Karim Zahran (CAS’08), who plans to attend, says that the forum could get emotional. “Iran is involved in many issues that a lot of people feel very sensitive about,” notes the economics major, a native of Egypt. Zahran is eager to see how a high-level diplomat from Iran addresses these controversial and prominent issues. “It will be like an advanced international relations class in action,” he says.
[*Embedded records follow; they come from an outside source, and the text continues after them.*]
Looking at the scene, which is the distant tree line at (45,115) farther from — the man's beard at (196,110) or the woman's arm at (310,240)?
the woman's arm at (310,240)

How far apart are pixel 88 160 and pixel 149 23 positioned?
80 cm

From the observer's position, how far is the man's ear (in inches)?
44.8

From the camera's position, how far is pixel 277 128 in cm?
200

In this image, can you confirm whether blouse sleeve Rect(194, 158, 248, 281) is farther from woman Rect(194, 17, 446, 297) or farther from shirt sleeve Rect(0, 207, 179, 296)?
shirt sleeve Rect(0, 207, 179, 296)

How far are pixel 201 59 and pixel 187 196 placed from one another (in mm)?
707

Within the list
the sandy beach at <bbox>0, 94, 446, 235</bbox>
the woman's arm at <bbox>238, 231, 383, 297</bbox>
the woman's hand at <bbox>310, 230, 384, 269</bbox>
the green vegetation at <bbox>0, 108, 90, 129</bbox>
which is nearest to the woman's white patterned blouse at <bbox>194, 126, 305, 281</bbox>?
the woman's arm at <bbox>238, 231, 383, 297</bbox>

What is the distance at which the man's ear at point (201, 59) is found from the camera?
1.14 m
The organizers of the event are well aware that criticism is likely to emerge. “The event is extremely controversial because of the outlandish and dreadful actions and words of the current Iranian president [Mahmoud Ahmadinejad] concerning the denial of the Holocaust and the indication that Israel should be wiped off the map,” Dunbar explains. “At the same time, I think the United States has an interest in talking to everyone in the Middle East, whether they are our friends or our foes.”

In September, a furor ensued when Harvard invited Iran’s former president Mohammad Khatami to speak at the Kennedy School of Government. Governor Mitt Romney refused to allow the usual state police protection afforded visiting diplomats.

“We do expect that there will be controversy surrounding this event,” says Greene, but he notes that senior BU administrators and most faculty members he’s heard from have been supportive. “They see this as an incredibly important event,” he says. “The opportunity to hear the other side and also make our views known is an important part of who we are as a culture and a society.”

Bilici says that his group had invited Democratic presidential candidate Dennis Kucinich as an American counterpart to Zarif, but the Ohio congressman couldn’t attend because of a scheduling conflict.

“We wanted to create dialogue, because our organization’s purpose is to do humanitarian, intellectual, and cultural programs,” says Bilici. Other recent ISC events include a forum with four Central Asian ambassadors in November and an interfaith dinner in October marking Ramadan, Yom Kippur, and the birthday of Mohandas Gandhi. “There should always be dialogue, because if there is dialogue, that shows that there is goodwill and that you respect the other side,” he says. “It’s very important to both create understandings and eliminate misunderstandings.”